O processo para a definição da alíquota envolve etapas específicas: a Receita Federal deverá apresentar uma proposta de cálculo até 14 de setembro para o Tribunal de Contas da União (TCU), que terá até 30 de outubro para analisar e homologar os números. Posteriormente, caberá ao Senado a decisão final sobre a alíquota para 2027. O ministro da Fazenda, Dario Durigan, enfatizou que a alíquota não será definida diretamente pelo ministério, mas sim através da metodologia constitucionalmente prevista, que considera uma ampla base de contribuintes e regimes especiais.
Além da CBS, o governo também prevê a arrecadação de R$ 41,9 bilhões com o Imposto Seletivo em 2027. Este tributo incidirá sobre produtos e atividades considerados prejudiciais à saúde ou ao meio ambiente, como veículos, tabaco, bebidas alcoólicas e açucaradas, e apostas. O Imposto Seletivo, juntamente com a CBS, compõe a nova estrutura tributária federal.
A reforma tributária também contempla o Imposto sobre Bens e Serviços (IBS), de competência estadual e municipal, cuja implementação será gradual, coexistindo com o sistema atual. Ambos os tributos, CBS e IBS, operarão sob o regime de Imposto sobre Valor Agregado (IVA), com não cumulatividade e a possibilidade de compensação de tributos pagos em etapas anteriores. Uma mudança significativa é a adoção da cobrança no destino, vinculando o imposto ao local de consumo para mitigar a guerra fiscal entre os estados.
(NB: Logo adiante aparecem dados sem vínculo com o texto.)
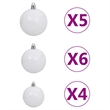 vidaXL Plastic Christmas Ball Set Shiny Various sizes in White (Set of 61)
Em termos de outras receitas previstas, a exploração de recursos naturais, incluindo royalties de petróleo, deve somar R$ 176 bilhões em 2027. As receitas com dividendos são estimadas em pouco mais de R$ 31 bilhões para o mesmo ano, uma redução em relação à previsão para 2026. O PLOA 2027 também aponta para um superávit primário de R$ 18,6 bilhões, que pode ascender a R$ 83,4 bilhões ao excluir certos gastos, como precatórios e despesas em saúde e educação. Essa margem fiscal, segundo o ministro do Planejamento, Bruno Moretti, oferece flexibilidade para a gestão orçamentária.